This of course is not to say anything about "better" or "worse"  or even Norm's holy grail of commercial success. Let's face it some 1970's rules were almost unplayable and production values were certainly less sophisticated as there were no pretty pictures. But I'm not always sure that today's market is any more sophisticated or  discerning that that of the 70 and 80s. Different yes , more fractured yes and of course the influence of Fantasy and Sci-Fi  "gaming" has been huge and not always to the good.
 If anything  the "game designers"  of this genre have a lot to answer for as Richard Clarke points out in his piece "Sigmoid Curve" in WSS 88. I find myself agreeing wholeheartedly with his premise and not simply for WW2. There is a lot of twaddle uttered by "game designers" - who seem to be a different breed from old fashioned "rules writers" . I'd put it like this a "game designer"  wants to design a playable game he can sell and all sorts of stuff will be subordinated to that end. A rules writer wants to produce a set of rules for a given historical period. that reflect warfare in that period. Now obviously there are shadings here Mr Clarke for instance calls himself a games designer but places himself firmly in the historical camp and backs this with evidence citing his set "Chain of Command" which I have not played but have heard lots of good things about from chaps whose opinions I respect.
 We are now in the "Age of the Game Designer" where it appears that the game is far far more important than anything else- except the sales figures of course. Otherwise why would so much lightweight crap even exist, often seemingly re-cycled in a prettier box at a higher price.
 Now I will take issue with Mr Marsh over one point. He blames the lack of realism in many rules on companies who wish to sell lots of toys that players can put on the table all at once and since these companies also sell the game rules .... then draw your own conclusions. Now I'm not saying he's wrong but tarring all model companies with the same brush is somewhat out of order.
 Old Glory for example do not really produce rules or games. We are a Model Soldier company. Most of the rules we sell come from other sources or are very period specific.. We view then as an adjunct to the soldiers rather than as an engine for selling soldiers. There are a good bundle of Soldier Companies in our world who do not make games at all. The "games company" is one of the unforseen circumstances of the Sci- Fant influence.

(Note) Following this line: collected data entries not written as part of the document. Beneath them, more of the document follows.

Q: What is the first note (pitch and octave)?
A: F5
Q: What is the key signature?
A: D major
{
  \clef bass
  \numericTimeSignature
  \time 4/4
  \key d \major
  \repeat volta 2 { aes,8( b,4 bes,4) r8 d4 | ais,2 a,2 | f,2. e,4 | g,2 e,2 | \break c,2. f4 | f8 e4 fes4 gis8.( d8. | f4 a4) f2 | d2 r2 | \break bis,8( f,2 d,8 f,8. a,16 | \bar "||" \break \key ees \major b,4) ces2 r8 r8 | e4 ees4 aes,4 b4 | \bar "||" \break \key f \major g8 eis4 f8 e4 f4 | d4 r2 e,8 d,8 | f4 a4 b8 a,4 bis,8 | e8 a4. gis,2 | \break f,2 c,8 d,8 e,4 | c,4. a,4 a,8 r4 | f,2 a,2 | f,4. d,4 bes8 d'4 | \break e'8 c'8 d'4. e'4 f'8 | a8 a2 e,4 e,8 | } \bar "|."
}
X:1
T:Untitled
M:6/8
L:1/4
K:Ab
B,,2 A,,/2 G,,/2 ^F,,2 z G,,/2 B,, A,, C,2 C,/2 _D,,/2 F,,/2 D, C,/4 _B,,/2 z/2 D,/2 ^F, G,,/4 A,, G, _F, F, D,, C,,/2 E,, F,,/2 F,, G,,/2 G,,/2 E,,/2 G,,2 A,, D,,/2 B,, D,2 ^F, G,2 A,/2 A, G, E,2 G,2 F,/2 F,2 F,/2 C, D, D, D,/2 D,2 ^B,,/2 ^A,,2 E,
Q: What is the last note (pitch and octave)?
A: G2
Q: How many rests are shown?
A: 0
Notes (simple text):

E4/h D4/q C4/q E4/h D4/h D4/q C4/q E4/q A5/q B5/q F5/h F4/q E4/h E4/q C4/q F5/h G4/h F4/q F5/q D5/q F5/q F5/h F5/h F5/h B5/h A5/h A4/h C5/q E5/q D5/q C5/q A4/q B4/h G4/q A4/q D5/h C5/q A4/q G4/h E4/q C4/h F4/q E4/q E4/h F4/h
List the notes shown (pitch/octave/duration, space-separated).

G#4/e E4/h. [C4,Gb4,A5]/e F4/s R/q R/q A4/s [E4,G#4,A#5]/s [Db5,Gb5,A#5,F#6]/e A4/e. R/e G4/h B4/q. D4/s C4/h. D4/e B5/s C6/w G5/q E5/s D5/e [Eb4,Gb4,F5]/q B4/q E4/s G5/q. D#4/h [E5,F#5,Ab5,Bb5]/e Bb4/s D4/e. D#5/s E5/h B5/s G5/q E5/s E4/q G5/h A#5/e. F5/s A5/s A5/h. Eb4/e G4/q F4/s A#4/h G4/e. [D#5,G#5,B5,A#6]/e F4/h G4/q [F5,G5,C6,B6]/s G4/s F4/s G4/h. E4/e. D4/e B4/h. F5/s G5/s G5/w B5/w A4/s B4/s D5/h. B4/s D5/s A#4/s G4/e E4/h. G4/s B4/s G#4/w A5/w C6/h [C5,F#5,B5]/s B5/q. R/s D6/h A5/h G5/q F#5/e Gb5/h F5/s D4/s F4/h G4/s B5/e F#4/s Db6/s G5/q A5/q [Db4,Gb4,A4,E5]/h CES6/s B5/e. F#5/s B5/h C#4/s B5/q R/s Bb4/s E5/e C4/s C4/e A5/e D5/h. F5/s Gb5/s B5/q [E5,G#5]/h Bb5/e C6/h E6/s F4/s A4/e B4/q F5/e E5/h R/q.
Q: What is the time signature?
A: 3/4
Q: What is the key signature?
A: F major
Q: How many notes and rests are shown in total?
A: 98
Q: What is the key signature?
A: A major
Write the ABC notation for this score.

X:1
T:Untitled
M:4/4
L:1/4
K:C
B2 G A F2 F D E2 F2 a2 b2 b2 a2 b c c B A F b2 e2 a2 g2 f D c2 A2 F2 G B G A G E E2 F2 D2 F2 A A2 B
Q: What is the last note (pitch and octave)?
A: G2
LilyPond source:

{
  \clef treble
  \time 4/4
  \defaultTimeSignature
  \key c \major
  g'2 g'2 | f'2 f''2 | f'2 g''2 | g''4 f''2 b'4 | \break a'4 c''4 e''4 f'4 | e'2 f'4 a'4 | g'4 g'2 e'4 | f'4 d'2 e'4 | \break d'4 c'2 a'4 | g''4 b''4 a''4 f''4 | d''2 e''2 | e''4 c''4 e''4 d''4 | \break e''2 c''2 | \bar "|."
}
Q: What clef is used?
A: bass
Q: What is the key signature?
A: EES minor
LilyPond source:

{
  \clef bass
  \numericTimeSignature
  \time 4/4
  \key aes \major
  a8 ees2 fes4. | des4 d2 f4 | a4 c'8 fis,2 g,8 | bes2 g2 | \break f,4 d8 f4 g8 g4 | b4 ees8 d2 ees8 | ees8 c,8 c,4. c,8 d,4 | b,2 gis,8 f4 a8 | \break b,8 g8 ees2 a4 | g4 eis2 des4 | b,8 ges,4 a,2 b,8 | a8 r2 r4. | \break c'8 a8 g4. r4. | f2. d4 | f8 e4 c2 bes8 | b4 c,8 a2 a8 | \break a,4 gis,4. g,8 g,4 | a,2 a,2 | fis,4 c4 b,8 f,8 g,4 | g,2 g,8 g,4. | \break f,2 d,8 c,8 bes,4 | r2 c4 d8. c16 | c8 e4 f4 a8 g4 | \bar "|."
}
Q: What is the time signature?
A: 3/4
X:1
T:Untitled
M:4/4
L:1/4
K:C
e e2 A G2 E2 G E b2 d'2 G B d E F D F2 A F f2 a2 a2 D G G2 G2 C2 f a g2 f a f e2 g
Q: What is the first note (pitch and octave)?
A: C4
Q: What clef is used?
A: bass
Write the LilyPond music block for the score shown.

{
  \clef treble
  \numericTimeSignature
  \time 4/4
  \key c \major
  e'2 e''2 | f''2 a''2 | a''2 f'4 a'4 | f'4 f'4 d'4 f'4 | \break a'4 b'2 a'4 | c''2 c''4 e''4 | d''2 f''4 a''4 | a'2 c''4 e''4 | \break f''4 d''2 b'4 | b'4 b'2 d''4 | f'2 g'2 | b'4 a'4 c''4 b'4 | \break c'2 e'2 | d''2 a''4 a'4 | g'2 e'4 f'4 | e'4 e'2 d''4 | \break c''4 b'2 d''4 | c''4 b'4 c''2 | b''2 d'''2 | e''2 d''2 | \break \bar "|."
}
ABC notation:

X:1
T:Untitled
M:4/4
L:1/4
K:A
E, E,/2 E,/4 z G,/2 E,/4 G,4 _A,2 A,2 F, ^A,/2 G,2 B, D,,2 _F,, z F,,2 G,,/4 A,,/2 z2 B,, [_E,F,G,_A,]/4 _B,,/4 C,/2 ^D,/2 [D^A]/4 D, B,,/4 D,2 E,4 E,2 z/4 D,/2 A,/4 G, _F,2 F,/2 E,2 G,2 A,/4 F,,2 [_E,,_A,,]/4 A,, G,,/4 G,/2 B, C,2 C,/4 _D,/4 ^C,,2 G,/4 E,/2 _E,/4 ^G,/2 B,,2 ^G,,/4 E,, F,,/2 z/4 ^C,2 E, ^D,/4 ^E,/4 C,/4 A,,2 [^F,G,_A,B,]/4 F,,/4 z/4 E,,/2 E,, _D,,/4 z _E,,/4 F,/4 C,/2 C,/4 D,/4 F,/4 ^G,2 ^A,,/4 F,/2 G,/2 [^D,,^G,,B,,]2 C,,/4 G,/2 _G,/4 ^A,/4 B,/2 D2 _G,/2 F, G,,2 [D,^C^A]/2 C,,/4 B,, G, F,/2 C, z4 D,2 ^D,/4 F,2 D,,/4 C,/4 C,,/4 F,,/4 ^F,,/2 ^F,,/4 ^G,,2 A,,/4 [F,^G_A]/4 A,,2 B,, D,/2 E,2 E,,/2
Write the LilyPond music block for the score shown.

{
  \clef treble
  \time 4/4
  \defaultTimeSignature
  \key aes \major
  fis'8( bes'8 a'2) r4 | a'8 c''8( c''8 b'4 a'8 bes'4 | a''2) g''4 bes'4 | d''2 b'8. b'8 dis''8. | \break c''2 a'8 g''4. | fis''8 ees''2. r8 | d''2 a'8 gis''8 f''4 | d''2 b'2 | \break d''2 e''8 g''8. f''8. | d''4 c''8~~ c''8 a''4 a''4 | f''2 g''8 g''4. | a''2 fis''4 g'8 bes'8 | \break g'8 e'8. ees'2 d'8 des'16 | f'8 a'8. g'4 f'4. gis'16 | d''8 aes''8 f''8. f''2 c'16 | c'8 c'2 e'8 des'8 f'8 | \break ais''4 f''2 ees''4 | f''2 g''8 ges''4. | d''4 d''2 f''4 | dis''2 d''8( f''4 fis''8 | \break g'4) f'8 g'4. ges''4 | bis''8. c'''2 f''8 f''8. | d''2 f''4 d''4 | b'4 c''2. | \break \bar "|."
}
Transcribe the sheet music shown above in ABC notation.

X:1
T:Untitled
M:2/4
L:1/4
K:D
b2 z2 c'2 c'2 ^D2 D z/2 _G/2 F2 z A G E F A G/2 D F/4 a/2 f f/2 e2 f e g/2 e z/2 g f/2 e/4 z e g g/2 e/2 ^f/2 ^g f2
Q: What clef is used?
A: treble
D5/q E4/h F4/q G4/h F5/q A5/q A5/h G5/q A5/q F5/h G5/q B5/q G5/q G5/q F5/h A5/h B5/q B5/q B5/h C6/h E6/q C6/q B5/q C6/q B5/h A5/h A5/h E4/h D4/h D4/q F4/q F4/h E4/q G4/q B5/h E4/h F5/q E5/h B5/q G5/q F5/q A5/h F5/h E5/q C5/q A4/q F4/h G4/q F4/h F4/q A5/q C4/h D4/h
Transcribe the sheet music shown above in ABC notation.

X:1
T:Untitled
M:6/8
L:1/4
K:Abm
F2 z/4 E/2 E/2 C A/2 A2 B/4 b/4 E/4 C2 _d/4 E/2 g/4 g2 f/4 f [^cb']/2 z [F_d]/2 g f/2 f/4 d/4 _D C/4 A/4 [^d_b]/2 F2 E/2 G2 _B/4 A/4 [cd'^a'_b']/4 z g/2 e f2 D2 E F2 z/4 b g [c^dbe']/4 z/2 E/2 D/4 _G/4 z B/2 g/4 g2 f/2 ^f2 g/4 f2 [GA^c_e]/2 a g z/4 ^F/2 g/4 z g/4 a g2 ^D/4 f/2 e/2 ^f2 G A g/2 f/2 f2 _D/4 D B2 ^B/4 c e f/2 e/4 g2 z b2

The "Official Miniatures" line  and similar marketing tripe has had perhaps a pernicious influence out of all proportion in the minds of some of our brethren.
 So MARKETING is far more sophisticated than it was in the 70s and 80s so we come full circle back to the original point, But is marketing all there is to our hobby- I leave that answer to you Gentle Readers.

A little later.
 I've just seen Perry's latest- "TravelBattle"-  on TMP Good Grief! now we have 8mm plastic figures on a pre-coloured pre-everything plastic board. Why  do we need this. I can see that it will add  to God's Anointed Perry's bank balance but if you are that sad that you "need" to take something like this on your hols  for a "gaming fix" then  you may need medical help- or perhaps if you work away - as I did you can play with yourself in your hotel room (and yes all smutty puns intended.) You still may need medical help.
. This feeds directly into the ideas noted above Yet more "Wargaming Lite" at the expence of Featherstone's "intellectual pursuit".
 and no I won't be spending over 50 notes on such a box of twaddle.
 Any spare Nifties I have about the place will be spent on useful stuff such as a third leg......

Saturday, 4 March 2017

The Past- still blasting .

 Found a very interesting post on my good friend Andrew the Tekkies blog this morning

Now Andrew is somewhat younger than I or most of the rest of our group and I found his views on the earlier manifestations of our hobby fascinating. I've already commented on his blog so rather than repeat myself I'd  advise chaps to go and have a butchers.

Wednesday, 1 March 2017

Rearguard action at Utterly Edge

So there I was setting up the table for the latest T.W.A.T.S meeting yesterday when it cam to me. A question. Why are some wargamers so bloody boring? It must be in the genes- we all do it from time to time especially when riding our own pet hobby horse. Now I'd just had the latest WI drop on the mat and frankly it is tedious  full of "rules spotlights" and sycophantic twaddle about how wonderful the new Perry western desert stuff is. The whole mag was an exercise in product placement. Now you'd expect a bit of that but somehow this issue went over the top. There were a couple of interesting bit- making tents in 10mm and some nice stuff on the last weeks of the Reich - focusing on the Panzer Test facility and its extempore Panzer company. I would have liked more of this  However overall the tone was pretty childish again or rather patronising. It  sometimes seems to me as if the various writers would rather be thought "cool" than educated. Sorry to say this but this is the unforseen, pernicious influence of  SCI-FANT specifically GW and its fanboys and copycats. Even Henry Hyde's column- actually quite thoughtful -has pictures of bloody Airfix all over it.
 What is this bloody obsession with childhood
 This is all a long way from the "intellectual pursuit" that Featherstone aspired to in Advanced Wargames. And by God it is so repetitive and boring .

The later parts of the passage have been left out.